Posted 11-19-2017 at 04:26 PM by CSasha
Updated 11-19-2017 at 06:37 PM by CSasha

Growing up in a small German town in the 1980s and 1990s, I have always tended to be of different opinion and a social alien. Maybe if I hadn't questioned and challenged so many standards, I wouldn't have had as much trouble. Anyway, I did, and I also suffered from ubiquitous sexism, quite balanced positive as well as negative, though I tended to overlook it. Even recently, I noticed I am sexist myself. Still today, for me it's in plenty of commercials, ads, everyday phrases and simple sayings, as well as behavior and attitudes. It burdens me. Maybe I would be fine merely being a woman or a man if not for too much sexism.

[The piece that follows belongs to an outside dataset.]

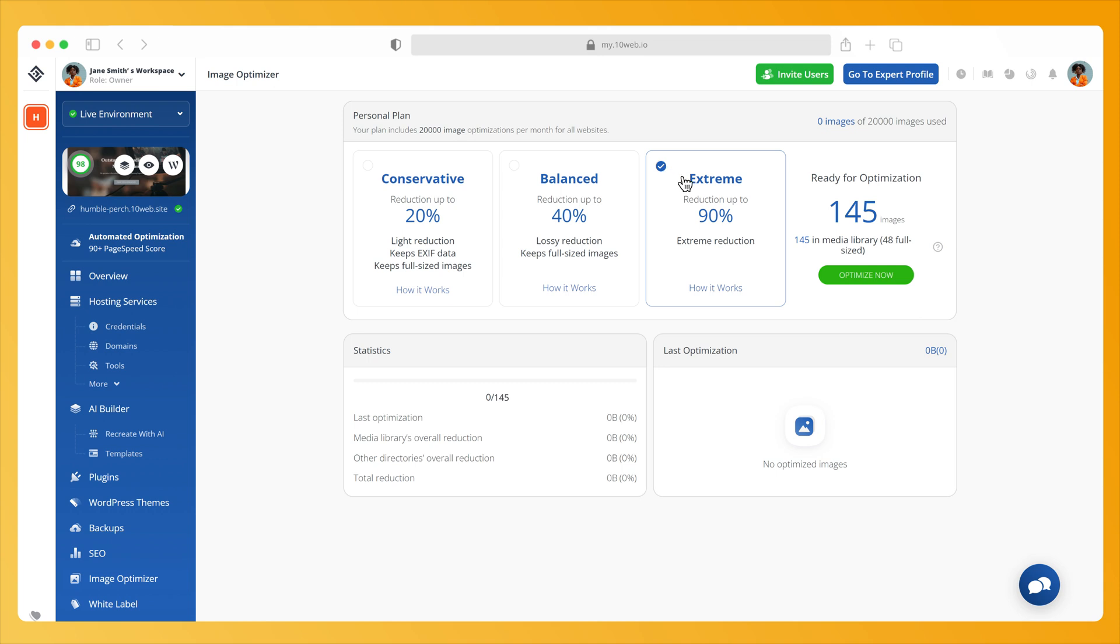Extreme mode: Your media files are compressed up to 90%. Please keep in mind, once you have compressed your media files by a given compression mode, your media files will remain at the quality and size of that mode.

But things are how they are.

Since the German Federal Constitutional Court came up with this decision, which will force the state of Germany to cope with a third gender entry or drop the issue of an official gender at all, I consider changing my gender registration to the third option. For me, that's a big deal, which could become a final relief. I even discovered I might do so in my passport thanks to the European Union travel regulations (page 20). After we have a new government here in Germany, we might even get a reasonable law which allows anybody to change their officially registered gender quite easily.

I might want to do that.

Having looked into the issue of gender for more than two decades, so far I have learned this:

- There are women and men. Many many people identify as one of those two and are deeply hurt when you doubt or challenge it. And still plenty of people don't, and are harmed by being pressed into one these labels.

- The aspects male and female can still be useful for me. I learned to appreciate confidence, strength, leadership, the positive energy of aggressiveness, providing for others. I love the healthy balance with delve into, expressing and sharing feelings, empathy for my fellow human beings, care for myself and others, sensitivity and sensibility, making myself beautiful and attractive, providing and taking each other's bodies. As far as I experienced the many overt and subtle restrictions on women and men, I don't want to be one of them.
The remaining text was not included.